Plus sensuel, tu meurs !

Morceau choisi

Dans le groupe des cinglés de Flaubert, on peut distinguer trois catégories principales : les Bovaristes, les Éducationistes et les Absolutistes. Les premiers tiennent Madame Bovary (1857) pour son chef d’oeuvre. Pour les seconds, c’est l’Éducation sentimentale (1869), et pour les Absolutistes, c’est absolument tout . Personnellement, je me situe dans la première catégorie. 
Le problème avec Guillaume Gallienne et son émission radiophonique « Ça peut pas faire de mal », c’est qu’il vous donnerait l’envie de lire absolument tout, et pas que tout de Flaubert.
Sa dernière émission était consacrée à l’Éducation sentimentale, et elle m’aurait presque fait passer de la première à la deuxième et, pourquoi pas, à la troisième catégorie de cinglés, surtout à la lecture par Fanny Ardent de cet extrait du Journal d’un fou (1838) .
Le narrateur a quinze ans, l’extrait est autobiographique.
Plus sensuel, plus évocateur des premiers émois d’un adolescent, tu meurs.
Et pardon pour ce titre vulgaire, mais il fallait bien que j’accroche le lecteur.

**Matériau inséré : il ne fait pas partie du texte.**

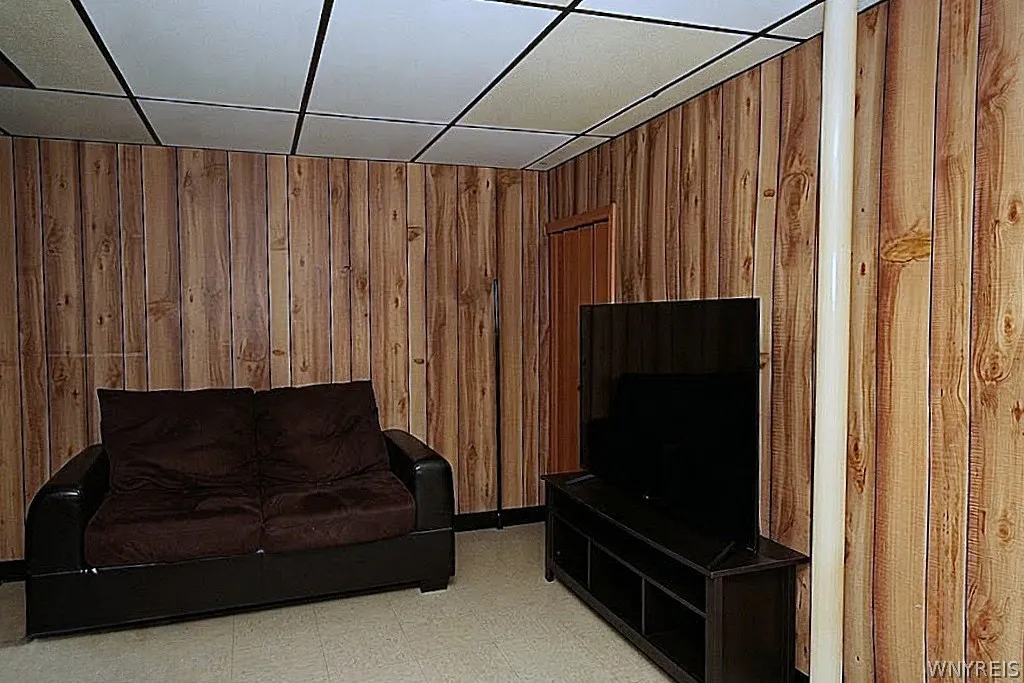 37 Burke Drive, Lackawanna, New York 14218, Lackawanna, New York 14218, 3 Bedrooms Bedrooms, 5 Rooms Rooms,1 BathroomBathrooms,Residential,For Sale,37 Burke Drive, Lackawanna, New York 14218,0,B1698692
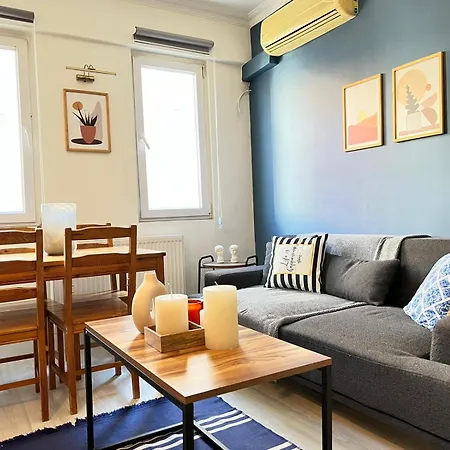 アパート Gorgeous New In Cihangir 2br, 2ac, Lift イスタンブール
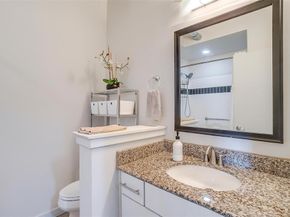 221 W Lancaster Avenue  5003, Fort Worth Texas 76102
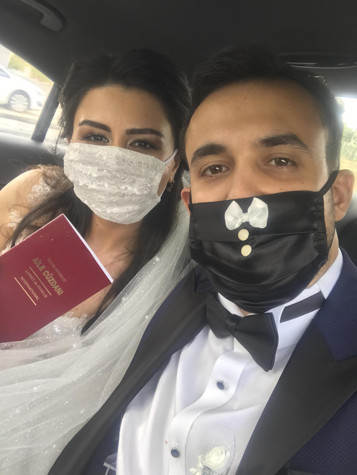 Gelin ve damatlara yeni aksesuar ‘maske’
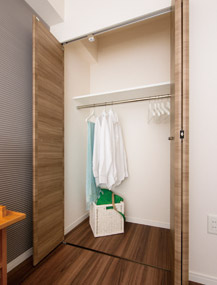 Receipt.  [Abundant storage space] Abundant storage space to realize the right man in the right place of storage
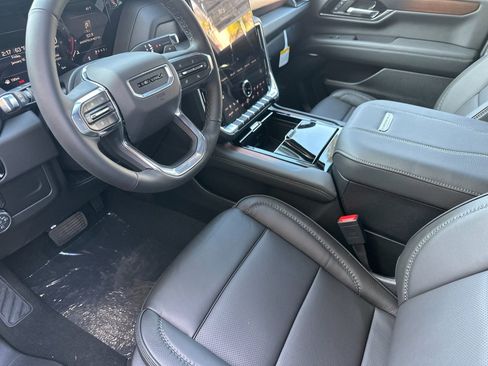 New 2026 GMC Yukon XL Denali w/ Sun & Power Step Package AWD/4WD image 10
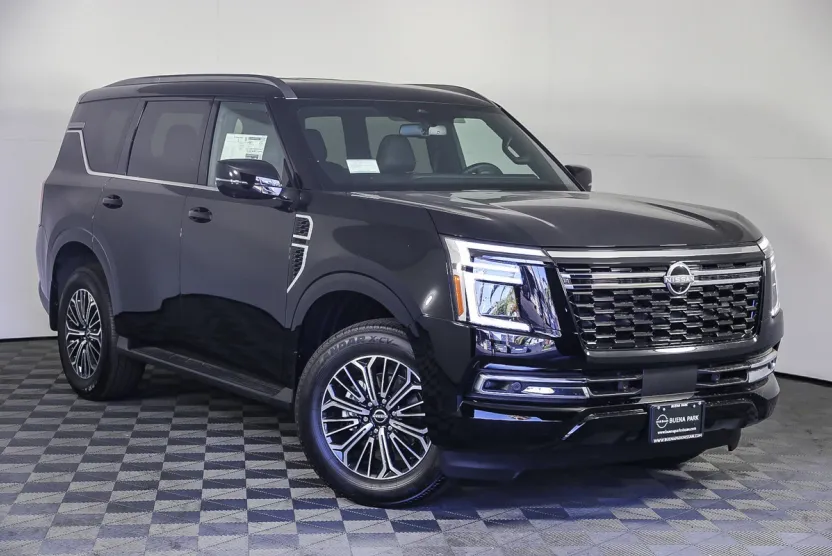 2025 Nissan Armada SL photo 1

(…) Chaque matin j’allais la voir se baigner ; je la contemplais de loin sous l’eau, j’enviais la vague molle et paisible qui battait sur ses flancs et couvrait d’écume cette poitrine haletante, je voyais le contour de ses membres sous les vêtements mouillés qui la couvraient, je voyais son cœur battre, sa poitrine se gonfler ; je contemplais machinalement son pied se poser sur le sable, et mon regard restait fixé sur la trace de ses pas, et j’aurais pleuré presque en voyant le flot les effacer lentement.
Et puis, quand elle revenait et qu’elle passait près de moi, que j’entendais l’eau tomber de ses habits et le frôlement de sa marche, mon cœur battait avec violence ; je baissais les yeux, le sang me montait à la tête. J’étouffais. Je sentais ce corps de femme à moitié nu passer près de moi avec le parfum de la vague. Sourd et aveugle, j’aurais deviné sa présence, car il y avait en moi quelque chose d’intime et de doux qui se noyait en extase et en gracieuses pensées, quand elle passait ainsi.
 Je crois voir encore la place où j’étais fixé sur le rivage ; je vois les vagues accourir de toutes parts, se briser, s’étendre ; je vois la plage festonnée d’écume ; j’entends le bruit des voix confuses des baigneurs parlant entre eux, j’entends le bruit de ses pas, j’entends son haleine quand elle passait près de moi.
J’étais immobile de stupeur comme si la Vénus fût descendue de son piédestal et s’était mise à marcher. C’est que, pour la première fois alors, je sentais mon cœur, je sentais quelque chose de mystique, d’étrange comme un sens nouveau. J’étais baigné de sentiments infinis, tendres ; j’étais bercé d’images vaporeuses, vagues ; j’étais plus grand et plus fier tout à la fois.
J’aimais.
(…)

2 réflexions au sujet de « Plus sensuel, tu meurs ! »

  1. Je viens de lire la suite de commentaires concernant Le Cujas (6) et tiens à préciser que mon commentaire précédent ne se situe pas dans le déduit.

  2. Absolument sensuel! Plus sensuel, tu meurs, je suis bien d’accord!
    Magnifique!
    Place à l’imagination!, qui agit ici par le texte lui-même et par l’imagination du son de la voix de Fanny Ardent , la somme étant bien plus envoûtante que la photographie d’une pin-up en bikini sortant de l’eau à St-Trop ou ailleurs. D’ailleurs, les hommes en bord de mer se régalaient bien plus autrefois qu’aujourd’hui, ils imaginaient plutôt que se rincer l’oeil. Un autre qui a su évoquer et enflammer l’imagination dans la même veine est Maupassant.